Like most other ISO management standards, ISO 31000 provides a structured framework intended to meet the needs of any type of organization or situation. In order to be applied to such a vast diversity of activities and risks, the approach proposed in the standard is fundamentally intended to be generic and rational. According to the standard, effective risk management results from the application of a very systematic and structured management process. The criteria for risk assessment proposed in ISO 31000 largely spring from this probabilistic logic, taking into account many aspects, the most common of which are: the nature of the causes and consequences; measurement of the probability of occurrence; estimation of the duration of the potential impacts; the threshold of acceptable risk; the level at which appropriate measures should be taken; and the tendency toward increased entropy and disorder which results from a combination of risks.
After the identification and analysis of risks, the organization should determine those risks for which explicit measures will be taken and those which will be accepted as residual risk. The choice of how each risk is treated is based on the anticipated efficacy of the chosen measures, the legal or regulatory requirements the organization is subject to, the values and preferences of the stakeholders and a cost-benefit analysis. The choice of measures to be taken should be discussed and communicated to various parties, and their efficacy should be periodically evaluated. When resources are scarce, an order of priority should be established and should reflect the costs resulting from implementation of the risk treatment measures, compared with the gains resulting from not taking such measures.

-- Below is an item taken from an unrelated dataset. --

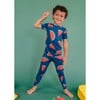 Watermelon Crush Pajama Set, Blue - Pajamas - 2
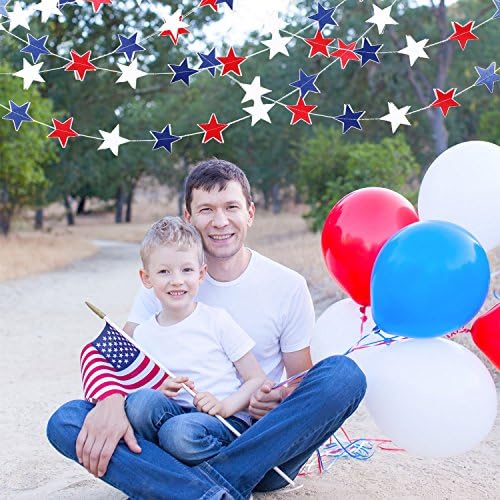 TecUnite 52.5Ft Patriotic Star Streamer Garland, Red White Blue 4th of July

The entire process should be documented and activities recorded in order to maintain an overview of decision-making and respond to legal or regulatory requirements, if applicable. Finally, a periodic review of the entire process of identifying, analyzing and addressing risk should be conducted to reflect changes in the external and internal environments, as well as the emergence of new risks or new methods of managing them. The persons responsible for reviewing and monitoring the process should be clearly designated.
The general principles underlying the ISO 31000 risk management standard have been widely disseminated in the literature, particularly by authors interested in crisis planning and prevention (Table 1).
For instance, according to Perry and Lindell (2003), the assessment of an organization's preparedness is based on four criteria: an evaluation of risks (vulnerability assessment); an evaluation of the ability of the organization and the community to cope with crises (capacity assessment); the training and retention of qualified personnel; and the establishment of a flexible system that can be deployed quickly when a crisis arises. These aspects are clearly covered in the ISO 31000 standard, whose recommendations help users address the main operational requirements of risk management, from risk assessment to integration of risk treatment into the organization's structure and practices.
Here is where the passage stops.